Embarrassments of riches: Managing research assets

Last updated May 15, 2013

There’s research, there’s writing, and then there’s that netherworld in between: wrangling all the digital files you gather over the course of your work. Digital files are often easier to deal with than stacks of paper, but they can also proliferate frighteningly quickly.

I teach a workshop on this topic, catchily titled Managing Research Assets (better names welcome). Below is a digital version of the workshop handout, followed by a link dump of my favorite posts about developing and refining digital research workflows. You can also download a PDF version of my handout, or a Word version if you’d like to modify it.

Jump to tools for:

Or jump to links to other resources about research workflows. (And in case you’re curious, here’s my own research workflow.)

Preserving your digital assets

The Library of Congress offers guidelines for preserving digital material, including photographs, audio, video, email, digital records, and websites. For a more technical and specific discussion of digital formats, see the Library of Congress’s “Sustainability of Digital Formats.”

In general, the Library of Congress recommends that you:

  • Identify: Make an audit of what you have.
  • Decide which of your assets you want to keep and which you don’t need.
  • Organize your assets: Give them descriptive filenames, organize them into a logical file structure, and write down your organizational scheme.
  • Make copies. It’s a good idea to have copies in a number of locations. Every few years, check your copies to see if you need to export them to a newer format.

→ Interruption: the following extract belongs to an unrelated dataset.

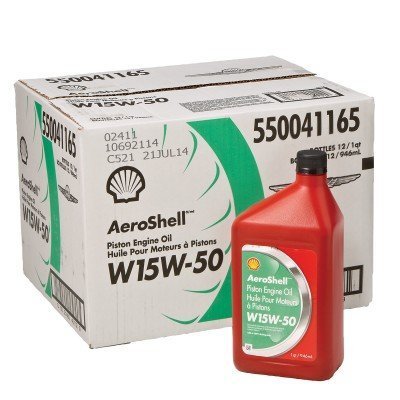 Aeroshell SHAEW155-12 15W50 Shell Aviation Oil, 1 Quart, 12 Pack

Developing a digital research workflow

There’s no “right” research workflow. The practice that makes sense for you will depend on your own research habits and the kinds of material you work with. As you investigate tools, think about:

  • Capturing sources. Do you do most of your research online, in an archive, or at the library? You’ll need a tool (or tools) that’s appropriate for the way you really work and easily captures the data you need in a format that’s preservable — and preferably in a way that’s organized.
  • Metadata. Few things are more frustrating than locating just the information you need but not being able to determine its origin. That’s why it’s important to think about how you’re capturing information about each asset you gather, like its source and its importance to your research.
  • Searching and retrieving. None of this does you any good if you can’t get your hands on the data you need when you need it. Metadata will help you find the right stuff, but you may also want to think about tools for OCR (optical character recognition) and for “fuzzy” searching.

You should also be thinking about whether and how you can export your data. That may seem boring now, but it won’t when the tool you’re using becomes obsolete!

Tools to Consider

This list is not comprehensive. Instead, it reflects my understanding of the tools my colleagues are actually using at the moment. Prices reflect educational discounts, if applicable. Am I missing something important? Please let me know in the comments!

Backup Tools
Yes, you need to be doing this. Why are you not doing this? Do it right now! Think about whether you want to store your backup on a hard drive or in the cloud — or both!

  • Time Machine (Mac, already installed on your computer, automatically backs up your data to a hard drive at scheduled intervals)
  • Windows Backup and Restore (Windows, already installed on your computer, backs up your data to a hard drive at scheduled intervals)
  • Mozy (Mac and Windows, $5.99/month, backs up your data remotely at scheduled intervals)
  • BackBlaze (Mac and Windows, $5/month, backs up your data remotely at scheduled intervals)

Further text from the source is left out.